Powered by the world’s second-largest economy and defense budget, China is going to sea with a scale and sophistication that no continental power ever before sustained in the modern era. Its three sea forces are all leaders in their own right: the world’s largest navy, coast guard, and maritime militia by number of ships. They are supplied by the world’s largest shipyard infrastructure, which has achieved the largest, fastest production-capacity expansion in history. On the civilian side, Chinese sea power is augmented by the world’s largest fishing fleet, one of the world’s largest merchant marines, wide-ranging port infrastructure networks, and a large nationally flagged tanker fleet.

While paramount leader Xi Jinping is working to transform his nation further into a “great maritime power,” at a minimum today’s Middle Kingdom is already a hybrid land-sea power. Amid European decline and American fiscal and strategic challenges, this historic transformation has the potential to end six centuries of largely Western dominance of the world’s oceans. The U.S. Navy and nation must understand this momentous sea change to properly inform strategy and policy.
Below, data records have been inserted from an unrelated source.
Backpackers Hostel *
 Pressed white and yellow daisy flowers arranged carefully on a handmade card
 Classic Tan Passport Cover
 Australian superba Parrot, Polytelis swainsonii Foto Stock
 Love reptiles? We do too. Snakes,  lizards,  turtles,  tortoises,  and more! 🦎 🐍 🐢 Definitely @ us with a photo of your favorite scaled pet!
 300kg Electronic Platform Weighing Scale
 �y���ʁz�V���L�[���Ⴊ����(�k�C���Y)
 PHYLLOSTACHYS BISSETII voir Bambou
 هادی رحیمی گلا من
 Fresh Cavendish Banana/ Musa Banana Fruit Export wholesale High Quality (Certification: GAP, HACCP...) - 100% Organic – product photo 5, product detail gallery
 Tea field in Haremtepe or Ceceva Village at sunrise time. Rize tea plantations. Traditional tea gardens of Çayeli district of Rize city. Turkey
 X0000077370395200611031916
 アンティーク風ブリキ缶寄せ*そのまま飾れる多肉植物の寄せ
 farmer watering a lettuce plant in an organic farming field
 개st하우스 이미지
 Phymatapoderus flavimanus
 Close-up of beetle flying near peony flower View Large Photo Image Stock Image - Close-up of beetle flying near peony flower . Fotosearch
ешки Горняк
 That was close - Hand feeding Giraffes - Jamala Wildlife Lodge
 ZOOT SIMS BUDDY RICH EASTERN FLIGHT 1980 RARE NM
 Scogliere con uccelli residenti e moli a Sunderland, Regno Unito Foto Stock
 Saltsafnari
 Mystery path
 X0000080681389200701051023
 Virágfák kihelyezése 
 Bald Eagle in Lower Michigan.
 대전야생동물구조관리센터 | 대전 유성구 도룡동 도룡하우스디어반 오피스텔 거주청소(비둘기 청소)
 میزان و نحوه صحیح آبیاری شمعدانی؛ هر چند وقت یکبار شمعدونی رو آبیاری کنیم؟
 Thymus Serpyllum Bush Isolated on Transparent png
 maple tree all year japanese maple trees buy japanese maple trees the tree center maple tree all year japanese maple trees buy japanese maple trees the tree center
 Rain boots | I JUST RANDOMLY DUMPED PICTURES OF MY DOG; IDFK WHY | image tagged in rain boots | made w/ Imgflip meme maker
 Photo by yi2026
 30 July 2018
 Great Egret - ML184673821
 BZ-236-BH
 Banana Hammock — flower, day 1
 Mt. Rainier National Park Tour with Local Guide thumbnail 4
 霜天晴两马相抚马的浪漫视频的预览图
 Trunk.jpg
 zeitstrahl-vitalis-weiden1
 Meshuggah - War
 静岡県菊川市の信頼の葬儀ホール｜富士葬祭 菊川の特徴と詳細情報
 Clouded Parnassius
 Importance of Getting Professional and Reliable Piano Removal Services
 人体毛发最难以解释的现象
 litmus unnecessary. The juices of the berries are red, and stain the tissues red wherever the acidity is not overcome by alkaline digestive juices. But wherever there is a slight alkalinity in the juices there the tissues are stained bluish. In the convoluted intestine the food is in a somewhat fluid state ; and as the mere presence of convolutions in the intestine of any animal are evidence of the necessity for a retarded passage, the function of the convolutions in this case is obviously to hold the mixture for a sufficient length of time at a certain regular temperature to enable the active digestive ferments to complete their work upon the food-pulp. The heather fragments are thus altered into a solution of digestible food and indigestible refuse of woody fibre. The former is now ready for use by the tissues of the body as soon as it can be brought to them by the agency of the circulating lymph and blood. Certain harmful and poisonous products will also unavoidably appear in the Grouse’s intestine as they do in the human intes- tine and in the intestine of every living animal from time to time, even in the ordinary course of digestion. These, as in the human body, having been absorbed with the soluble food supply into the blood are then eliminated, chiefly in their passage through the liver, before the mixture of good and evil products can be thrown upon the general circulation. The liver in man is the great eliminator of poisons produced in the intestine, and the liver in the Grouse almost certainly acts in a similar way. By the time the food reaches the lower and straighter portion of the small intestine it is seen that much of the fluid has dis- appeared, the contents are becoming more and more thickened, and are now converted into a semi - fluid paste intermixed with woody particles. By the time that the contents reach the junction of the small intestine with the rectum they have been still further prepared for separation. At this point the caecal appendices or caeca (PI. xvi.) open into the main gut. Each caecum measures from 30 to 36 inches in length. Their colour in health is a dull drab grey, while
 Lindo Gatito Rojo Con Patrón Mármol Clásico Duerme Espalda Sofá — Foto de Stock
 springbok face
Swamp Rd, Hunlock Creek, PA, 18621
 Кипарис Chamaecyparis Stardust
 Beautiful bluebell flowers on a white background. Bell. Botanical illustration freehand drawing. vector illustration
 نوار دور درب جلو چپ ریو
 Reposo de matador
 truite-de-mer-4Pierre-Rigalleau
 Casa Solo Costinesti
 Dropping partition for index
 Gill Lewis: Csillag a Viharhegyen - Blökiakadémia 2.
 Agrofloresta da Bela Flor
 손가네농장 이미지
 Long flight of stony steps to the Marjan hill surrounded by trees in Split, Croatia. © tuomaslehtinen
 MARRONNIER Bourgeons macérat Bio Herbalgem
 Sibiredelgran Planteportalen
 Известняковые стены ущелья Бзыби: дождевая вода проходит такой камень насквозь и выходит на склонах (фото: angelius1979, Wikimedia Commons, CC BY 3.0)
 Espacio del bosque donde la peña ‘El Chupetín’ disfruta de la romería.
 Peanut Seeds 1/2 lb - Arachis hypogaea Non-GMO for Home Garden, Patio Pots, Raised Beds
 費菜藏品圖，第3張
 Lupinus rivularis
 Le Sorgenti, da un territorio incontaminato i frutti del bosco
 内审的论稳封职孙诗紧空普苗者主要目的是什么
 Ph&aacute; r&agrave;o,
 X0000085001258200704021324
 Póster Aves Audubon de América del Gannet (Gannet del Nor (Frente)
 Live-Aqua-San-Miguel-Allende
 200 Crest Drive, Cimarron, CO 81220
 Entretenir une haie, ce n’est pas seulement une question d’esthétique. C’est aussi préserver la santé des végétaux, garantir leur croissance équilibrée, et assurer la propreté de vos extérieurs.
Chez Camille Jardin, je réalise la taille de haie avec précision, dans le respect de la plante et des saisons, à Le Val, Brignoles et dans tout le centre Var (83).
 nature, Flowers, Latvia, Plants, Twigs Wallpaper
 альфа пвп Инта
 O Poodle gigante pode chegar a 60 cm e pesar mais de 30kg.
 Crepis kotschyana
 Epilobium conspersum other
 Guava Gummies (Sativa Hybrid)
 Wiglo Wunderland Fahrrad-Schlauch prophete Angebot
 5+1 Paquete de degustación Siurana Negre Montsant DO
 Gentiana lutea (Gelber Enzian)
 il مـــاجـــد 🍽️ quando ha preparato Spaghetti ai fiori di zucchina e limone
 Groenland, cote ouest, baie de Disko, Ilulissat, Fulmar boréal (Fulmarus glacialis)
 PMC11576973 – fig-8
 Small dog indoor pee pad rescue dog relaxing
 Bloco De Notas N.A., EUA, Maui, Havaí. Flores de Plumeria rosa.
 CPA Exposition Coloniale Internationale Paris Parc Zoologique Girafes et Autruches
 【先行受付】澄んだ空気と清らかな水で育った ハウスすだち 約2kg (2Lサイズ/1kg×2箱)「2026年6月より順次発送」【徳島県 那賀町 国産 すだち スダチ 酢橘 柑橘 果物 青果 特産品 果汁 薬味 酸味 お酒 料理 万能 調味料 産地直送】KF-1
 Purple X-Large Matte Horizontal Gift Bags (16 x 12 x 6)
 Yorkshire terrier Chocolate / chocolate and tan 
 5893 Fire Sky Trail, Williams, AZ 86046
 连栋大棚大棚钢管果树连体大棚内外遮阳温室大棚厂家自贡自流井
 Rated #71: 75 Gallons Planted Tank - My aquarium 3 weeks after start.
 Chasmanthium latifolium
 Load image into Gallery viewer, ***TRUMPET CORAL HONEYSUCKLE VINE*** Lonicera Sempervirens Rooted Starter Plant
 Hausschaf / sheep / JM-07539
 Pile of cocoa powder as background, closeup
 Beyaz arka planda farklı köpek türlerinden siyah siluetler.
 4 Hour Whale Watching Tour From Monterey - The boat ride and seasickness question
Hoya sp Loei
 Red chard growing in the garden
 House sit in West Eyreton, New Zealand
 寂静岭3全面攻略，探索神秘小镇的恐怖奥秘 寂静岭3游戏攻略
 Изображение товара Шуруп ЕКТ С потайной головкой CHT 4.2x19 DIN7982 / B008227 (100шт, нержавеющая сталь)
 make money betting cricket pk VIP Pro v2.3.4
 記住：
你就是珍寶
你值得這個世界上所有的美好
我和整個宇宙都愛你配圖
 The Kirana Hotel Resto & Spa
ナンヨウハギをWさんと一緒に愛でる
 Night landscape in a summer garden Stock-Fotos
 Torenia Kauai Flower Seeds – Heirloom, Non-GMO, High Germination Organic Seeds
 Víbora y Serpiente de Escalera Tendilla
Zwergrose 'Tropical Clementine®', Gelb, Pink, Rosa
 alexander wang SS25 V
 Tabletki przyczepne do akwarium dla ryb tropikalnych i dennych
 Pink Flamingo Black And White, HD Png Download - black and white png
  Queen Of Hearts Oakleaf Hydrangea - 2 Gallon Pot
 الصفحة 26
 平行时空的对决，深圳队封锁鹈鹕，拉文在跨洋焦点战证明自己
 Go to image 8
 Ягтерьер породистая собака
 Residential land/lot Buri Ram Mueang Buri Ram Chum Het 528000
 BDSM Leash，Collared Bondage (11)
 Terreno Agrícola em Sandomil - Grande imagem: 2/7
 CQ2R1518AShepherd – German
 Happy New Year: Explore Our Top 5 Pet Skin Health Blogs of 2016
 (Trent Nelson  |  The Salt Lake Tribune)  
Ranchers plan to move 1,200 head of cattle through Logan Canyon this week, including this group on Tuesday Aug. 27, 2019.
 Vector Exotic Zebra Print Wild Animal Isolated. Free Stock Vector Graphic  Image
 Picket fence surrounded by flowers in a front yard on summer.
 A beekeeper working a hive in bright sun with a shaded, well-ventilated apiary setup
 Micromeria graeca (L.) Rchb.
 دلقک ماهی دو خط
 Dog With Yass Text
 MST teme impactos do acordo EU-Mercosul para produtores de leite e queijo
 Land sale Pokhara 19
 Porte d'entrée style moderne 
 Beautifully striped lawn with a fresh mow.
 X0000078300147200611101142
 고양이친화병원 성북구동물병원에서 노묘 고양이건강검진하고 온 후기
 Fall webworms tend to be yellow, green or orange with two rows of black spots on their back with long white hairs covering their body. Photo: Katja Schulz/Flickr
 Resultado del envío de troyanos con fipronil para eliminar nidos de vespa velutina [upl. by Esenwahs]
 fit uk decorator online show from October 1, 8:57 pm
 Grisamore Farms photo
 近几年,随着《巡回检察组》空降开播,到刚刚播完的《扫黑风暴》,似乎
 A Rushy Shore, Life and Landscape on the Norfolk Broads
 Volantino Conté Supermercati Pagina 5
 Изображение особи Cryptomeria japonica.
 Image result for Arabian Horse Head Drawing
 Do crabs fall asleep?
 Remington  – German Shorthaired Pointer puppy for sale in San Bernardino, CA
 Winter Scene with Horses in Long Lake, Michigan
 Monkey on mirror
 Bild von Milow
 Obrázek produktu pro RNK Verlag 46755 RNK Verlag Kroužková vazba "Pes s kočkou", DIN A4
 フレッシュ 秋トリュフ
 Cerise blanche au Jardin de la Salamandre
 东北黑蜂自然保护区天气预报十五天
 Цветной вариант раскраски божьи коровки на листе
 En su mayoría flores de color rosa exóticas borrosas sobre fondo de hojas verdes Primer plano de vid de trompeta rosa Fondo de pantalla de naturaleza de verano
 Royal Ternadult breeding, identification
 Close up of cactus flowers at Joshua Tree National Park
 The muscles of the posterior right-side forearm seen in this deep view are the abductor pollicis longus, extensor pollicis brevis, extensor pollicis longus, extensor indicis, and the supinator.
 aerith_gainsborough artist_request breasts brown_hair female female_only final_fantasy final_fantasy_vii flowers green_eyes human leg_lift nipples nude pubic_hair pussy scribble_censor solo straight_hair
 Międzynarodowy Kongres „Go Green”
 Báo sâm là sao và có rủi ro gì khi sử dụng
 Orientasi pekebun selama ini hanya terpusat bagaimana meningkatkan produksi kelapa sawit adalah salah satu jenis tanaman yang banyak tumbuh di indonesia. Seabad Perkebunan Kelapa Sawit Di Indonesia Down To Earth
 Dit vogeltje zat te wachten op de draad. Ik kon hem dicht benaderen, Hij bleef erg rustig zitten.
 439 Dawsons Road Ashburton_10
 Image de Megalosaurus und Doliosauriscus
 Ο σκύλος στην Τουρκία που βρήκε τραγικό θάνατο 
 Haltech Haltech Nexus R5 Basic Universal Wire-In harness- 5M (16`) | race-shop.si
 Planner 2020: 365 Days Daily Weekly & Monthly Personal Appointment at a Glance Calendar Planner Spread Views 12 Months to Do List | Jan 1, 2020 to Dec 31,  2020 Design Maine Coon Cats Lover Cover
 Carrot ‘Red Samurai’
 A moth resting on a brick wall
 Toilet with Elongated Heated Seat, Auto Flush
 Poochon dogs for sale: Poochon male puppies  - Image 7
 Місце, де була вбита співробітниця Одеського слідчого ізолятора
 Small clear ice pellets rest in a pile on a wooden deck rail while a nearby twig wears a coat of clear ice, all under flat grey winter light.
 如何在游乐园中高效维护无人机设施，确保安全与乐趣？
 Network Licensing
Since the Chinese Maritime Studies Institute was established in 2006, it has been conducting research and holding conferences covering the broad waterfront of Chinese oceanic efforts in order to advise U.S. Navy leadership and support the Naval War College in its core mission area of helping to define the future Navy. The Studies in Chinese Maritime Development series assembles the resulting proceedings into edited volumes focusing on specific topics of importance to further understand Beijing’s progress and challenges at sea.